In [1]:
# Import necessary libraries
import pickle
from selenium import webdriver
from selenium.webdriver.common.by import By
from selenium.webdriver.chrome.service import Service as ChromeService
from selenium.webdriver.support.ui import WebDriverWait
from selenium.webdriver.support import expected_conditions as EC
from webdriver_manager.chrome import ChromeDriverManager
from tqdm import tqdm
from bs4 import BeautifulSoup
import time

In [2]:
# Define makes and their respective ids

makes = {
    "Audi": "1900", # done
    "Volkswagen": "25200", # done
    "Skoda": "22900", # done
    "Seat": "22500", # in progress
    # "BMW": "3500", # done
    # "Mercedes-Benz": "17200", # in progress
}

In [3]:
def scrape_page_for_make(make, page_number):
    # Create a new browser instance
    driver = webdriver.Chrome(service=ChromeService(ChromeDriverManager().install()))
    # Create the base url
    link = f"https://suchen.mobile.de/fahrzeuge/search.html?dam=false&isSearchRequest=true&p=%3A30000&s=Car&sb=rel&vc=Car&ms={make}&lang=en"

    if page_number > 1:
        link += f"&pageNumber={page_number}"
    print(f"Starting to scrape {link}")

    try:
        driver.get(link)

        # Wait for the page to load
        WebDriverWait(driver, 10).until(
            EC.presence_of_element_located((By.TAG_NAME, "body"))
        )

        # Try to handle the cookie consent pop-up
        try:
            cookie_button = WebDriverWait(driver, 5).until(
                EC.element_to_be_clickable(
                    (By.XPATH, "//button[contains(text(), 'Accept')]")
                )
            )
            cookie_button.click()
            print("Cookie consent accepted.")
        except Exception as e:
            print("No cookie consent pop-up or unable to locate it:", e)

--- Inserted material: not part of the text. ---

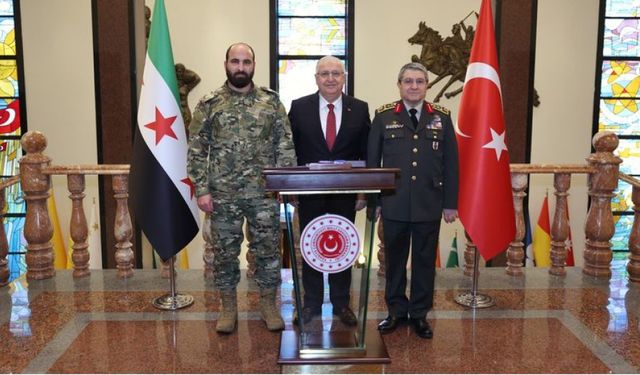 Bakan Güler, Suriye Genelkurmay Başkanı'nı kabul etti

        # Pause to let the page fully load
        time.sleep(1)

        listings_source = driver.page_source
        listings_soup = BeautifulSoup(listings_source, "html.parser")
        print("Done scraping base link")

    finally:
        # Always close the driver
        driver.quit()

    return listings_soup

In [4]:
def extract_listing_links_from_soup(soup):
    listings_article = soup.find_all("article", attrs={"data-testid": "result-list-container"})[0]
    listings = listings_article.find_all("div", recursive=False)[1:]
    listings_links = [
        listing.find_all("a")[0]["href"] for listing in listings if listing.find_all("a")
    ]
    listings_links = [
        "https://suchen.mobile.de" + link for link in listings_links
    ]
    return listings_links

In [5]:
# Scrape the first 25 pages for each make
make_links = {}
for make, make_id in makes.items():
    make_links[make] = []
    for page_number in range(1, 51):
        soup = scrape_page_for_make(make_id, page_number)
        links = extract_listing_links_from_soup(soup)
        make_links[make].extend(links)
        time.sleep(1)

Starting to scrape https://suchen.mobile.de/fahrzeuge/search.html?dam=false&isSearchRequest=true&p=%3A30000&s=Car&sb=rel&vc=Car&ms=1900&lang=en
Cookie consent accepted.
Done scraping base link
Starting to scrape https://suchen.mobile.de/fahrzeuge/search.html?dam=false&isSearchRequest=true&p=%3A30000&s=Car&sb=rel&vc=Car&ms=1900&lang=en&pageNumber=2
Cookie consent accepted.
Done scraping base link
Starting to scrape https://suchen.mobile.de/fahrzeuge/search.html?dam=false&isSearchRequest=true&p=%3A30000&s=Car&sb=rel&vc=Car&ms=1900&lang=en&pageNumber=3
Cookie consent accepted.
Done scraping base link
Starting to scrape https://suchen.mobile.de/fahrzeuge/search.html?dam=false&isSearchRequest=true&p=%3A30000&s=Car&sb=rel&vc=Car&ms=1900&lang=en&pageNumber=4
Cookie consent accepted.
Done scraping base link
Starting to scrape https://suchen.mobile.de/fahrzeuge/search.html?dam=false&isSearchRequest=true&p=%3A30000&s=Car&sb=rel&vc=Car&ms=1900&lang=en&pageNumber=5
Cookie consent accepted.
Done sc

In [12]:
# Save the links to a pickle file
with open("./data/make_links.pkl", "wb") as f:
    pickle.dump(make_links, f)

In [7]:
def extract_tech_data_from_listing_link(listing_link):
    # Create a new browser instance for the listing
    driver = webdriver.Chrome(
        service=ChromeService(ChromeDriverManager().install())
    )
    try:
        driver.get(listing_link)

        # Wait for the page to load
        WebDriverWait(driver, 10).until(
            EC.presence_of_element_located((By.TAG_NAME, "body"))
        )

        # Try to handle the cookie consent pop-up
        try:
            cookie_button = WebDriverWait(driver, 5).until(
                EC.element_to_be_clickable(
                    (By.XPATH, "//button[contains(text(), 'Accept')]")
                )
            )
            cookie_button.click()
            # print("Cookie consent accepted.")
        except Exception as e:
            print("No cookie consent pop-up or unable to locate it:", e)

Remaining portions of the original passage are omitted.